「大家さん、この店オレが出て行った後、どうせこのまま他の人に貸すわけですよね?
このバーカウンター、高い木使った一枚板だしさ、ちょっと賃料上乗せできると思いますよ。
ところで、オレが残していく造作に関して安くて良いから買い取ってくださいよ。」
所有するビルの1階をショットバーの経営者に賃貸していたAさんは、借主が退去する際にこんな交渉を受けました。
造作買取請求権とは、ひとことで言うと、賃借人が賃貸人の同意を得て、建物に付加した物(造作)と賃貸人から買い受けた物(造作)に関して、賃貸借契約が終了する際、借主が賃貸人に対して時価で買取りを請求できる権利です。
テーブルやイスは建物に付加した物ではないので造作ではありません。
また、エアコンなど取り外し可能で、そのもの単体で価値のあるものも造作にはあたりません。
あくまでも取り外せない物で、建物に付加されていてはじめて価値がある物。
例えば、一般の居住用の部屋であれば、畳や襖。
店舗であればバーカウンターや厨房設備、間仕切り、天井と一体型となったダウンライトなど照明設備。
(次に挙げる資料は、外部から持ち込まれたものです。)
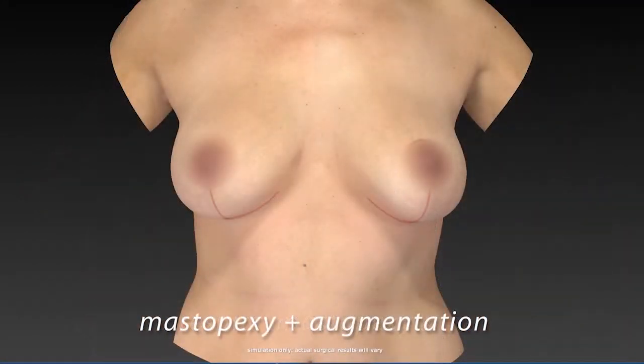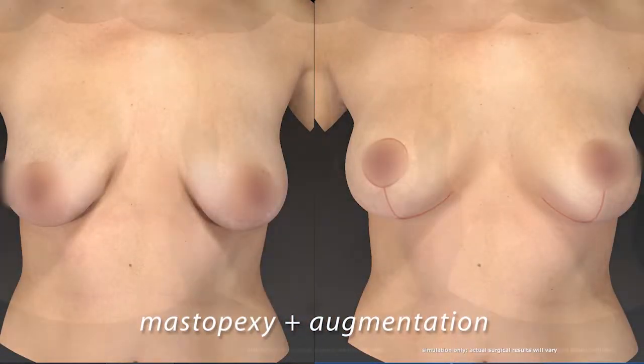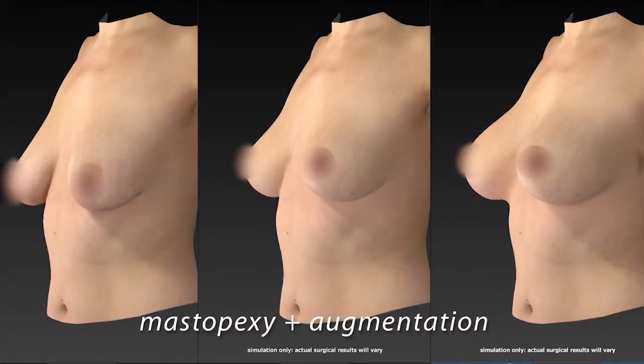Once volume is selected, I help the patient decide on profile. The key consideration is the width of the implant — a higher profile implant sticks out more but is narrower. Choosing the appropriate width is critical; part of the consultation includes measuring breast width and selecting an implant that fits within it. If the implant is too wide, it causes side boob, which is uncomfortable and cosmetically unacceptable. I also use a system called Vectra, a 3D imaging system that lets me take pictures of patients and show them different implant sizes so they can visualize the result.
賃借人に所有権があり、客観的にその建物(居室)の価値を上げるために付加した物ということになります。
造作買取請求権の放棄の特約は有効
造作買取請求権は賃借人が行使できる正当な権利です。
借地借家法では、基本的には契約上弱い立場にある賃借人の権利を行使できないようにする特約を賃貸借契約において交わしたとしても、それを有効としないのが基本スタンスです。
ところが、この造作買取請求権。
賃借人がこれを放棄する、あるいは賃貸人がこれを認めないという特約を設定することができるのです。
造作買取請求権は、賃借人がひとたび行使するともめるケースが多いといえます。
特に店舗物件の場合、その業種業態によりますが、結構な内装費をかけて店舗ビジネスに挑むテナントさんも多いと思います。
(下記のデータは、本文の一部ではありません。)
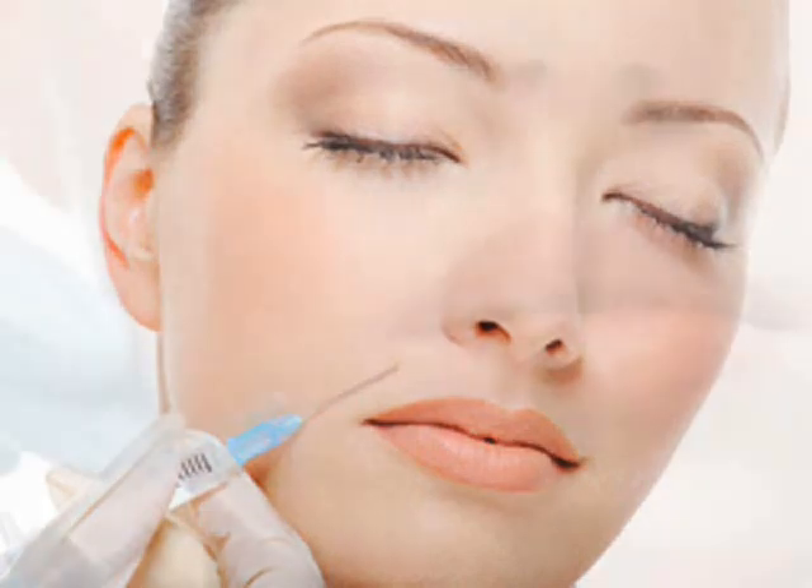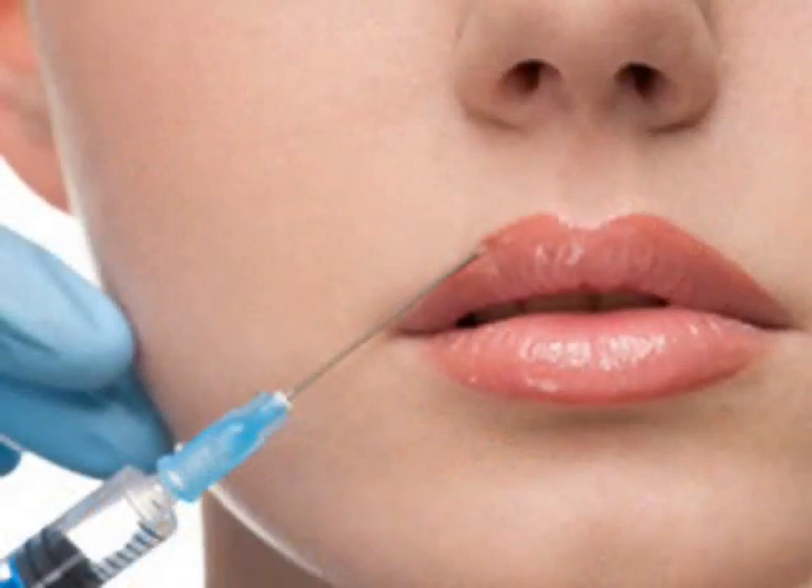There are many different classes, product names, and manufacturers of facial fillers, and this wide range of products and aggressive marketing campaigns can be confusing to patients. Certain facial fillers will work better for certain patients in specific areas of the face, and the best course of action is to talk to an experienced plastic surgeon about which options are best for you.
これ、退去する際に造作買取請求権を行使されるとややこしい問題に発展します。
次の借主が同業種同業態の目的で入るのであれば、その内装は価値あるものとなり得ますし、募集の時点で同業種同業態に絞っているのなら良いかも知れません。
しかし、異業種の借主にとっては、どんなお金を掛けた内装であっても、一度解体しないといけない無価値の物。
仮に貸主として、退去時に良い内装であったら多少の面倒はみても良いという考えがあったとしても、賃貸借契約上は、原状回復義務あり、造作買取請求権は放棄、が基本設定の方が無難と思われます。